Il calcio inglese in questi ultimi tempi è diventato un boccone prelibato per i ricconi di mezzo mondo. Si è scatenata una sorta di corsa all’oro che ha portato molte società, otto fin’ora, fra le mani di magnati stranieri.
Le casse della Premier League si sono rimpinguate con buona pace dei tifosi che spesso non hanno accolto con gioia l’arrivo dello straniero fra le loro mura.

Il primo in ordine cronologico, lo ricordiamo tutti, fu Abramovich che, diventando padrone del Chelsea, iniziò a investire cifre spropositate per costruire una squadra competitiva. Dopo di lui sono arrivati gli americani che hanno acquistato il Manchester United prima, il Liverpool e l’Aston Villa poi. A questi si aggiungono gli islandesi proprietari del West Ham dopo la breve parentesi, ricca di problemi, iraniana degli Hammers. Infine, stranieri sono anche i proprietari di Fulham (Mohammed Al-Fayed) e Portsmouth.

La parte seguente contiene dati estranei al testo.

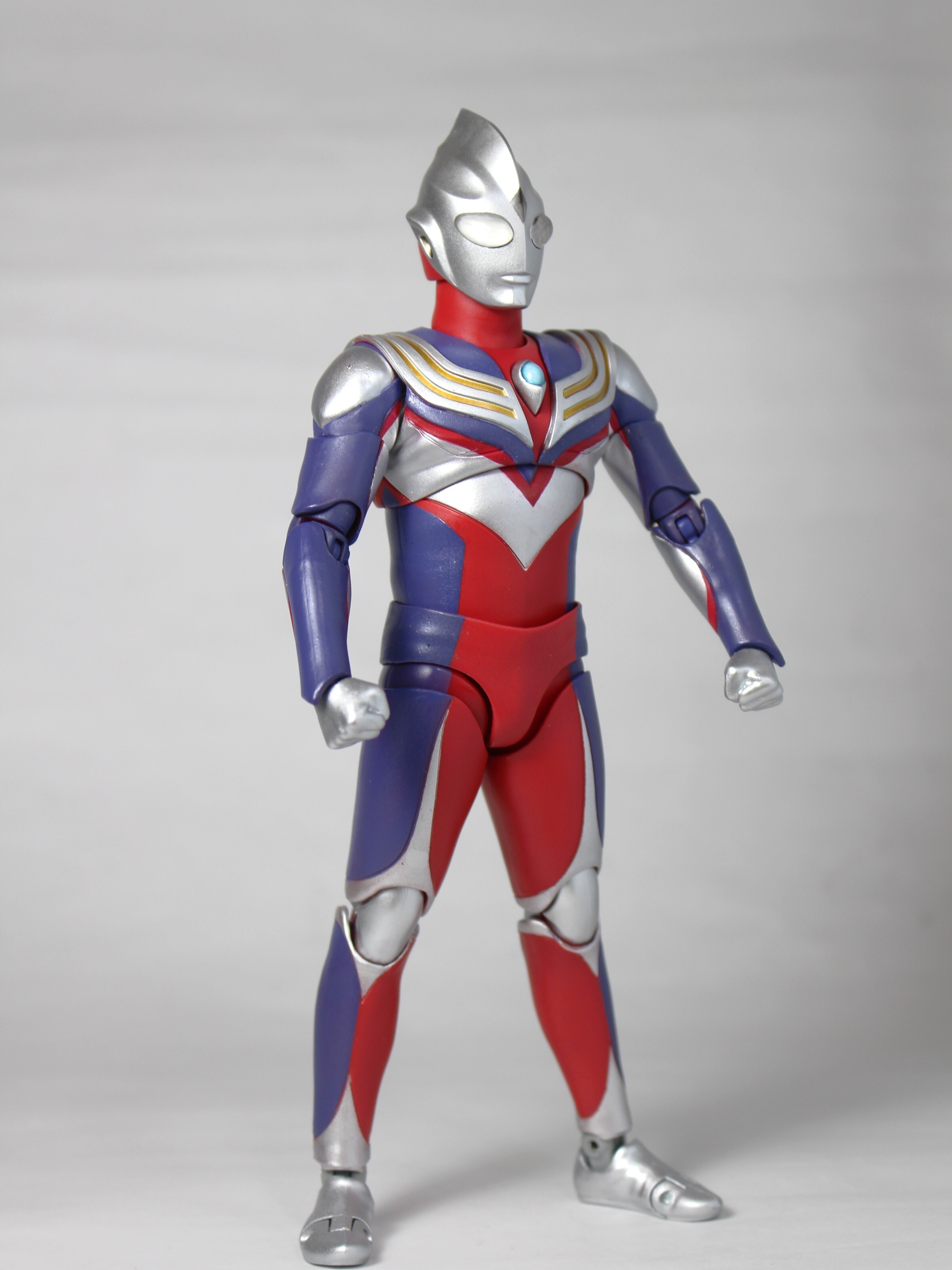 S.H.Figuarts真骨彫　ウルトラマンティガ　リペイント S.H.Figuarts真骨彫 ウルトラマンティガ リペイント S.H.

L’ultimo arrivato cronologicamente parlando è il thailandese Thaksin Shinawatra che ha rilevato il Manchester City per 81,6 milioni di sterline debiti compresi. Questo personaggio però è quanto meno poco raccomandabile.
Fino allo scorso settembre era primo ministro in Thailandia ma è stato costretto alle dimissioni e all’esilio da un golpe militare. Le cause di questo rovesciamento vanno ricercate nella sua scellerata gestione dei fondi pubblici thailandesi. Frode e corruzione sono le accuse per l’ex premier che ad Agosto dovrà però tornare in patria con la moglie per sostenere un processo che potrebbe portarlo ad una condanna di 10 anni di carcere se le accuse verranno confermate.

Ma i soldi fanno gola e il City nel suo stato di indebitamento non ha potuto rifiutare l’offerta.
Fino a che punto ci si può spingere pur di ottenere nuove entrate economiche? Questa domanda è stata rivolta a Dan johnson, portavoce della Premier League, in una trasmissione radiofonica della BBC.
Il dirigente si è detto tranquillo perché in Inghilterra per tutti coloro i quali vogliono comprare un’azienda e investire c’è un vero e proprio test di onorabilità chiamato “fit and proper test”.
Un esame basato su dati oggettivi deciderà quindi se la moralità di Shinawatra è tale da permettergli di entrare mondo del pallone britannico.

Ma un’altra domanda è: c’è proprio bisogno di questo test? Soprattutto, non è forse un po’ tardi per prendere una decisione visto che il City ha già ingaggiato Eriksson e iniziato a programmare la stagione del suo riscatto?
Il dubbio è che forse alla fine Shinawatra il test lo supererà perché di fronte a tutti quei milioni è un po’ difficile dire di no, poco male se la loro provenienza non sia fedele alle leggi etiche e morali di cui noi occidentali ci facciamo fieri portavoce.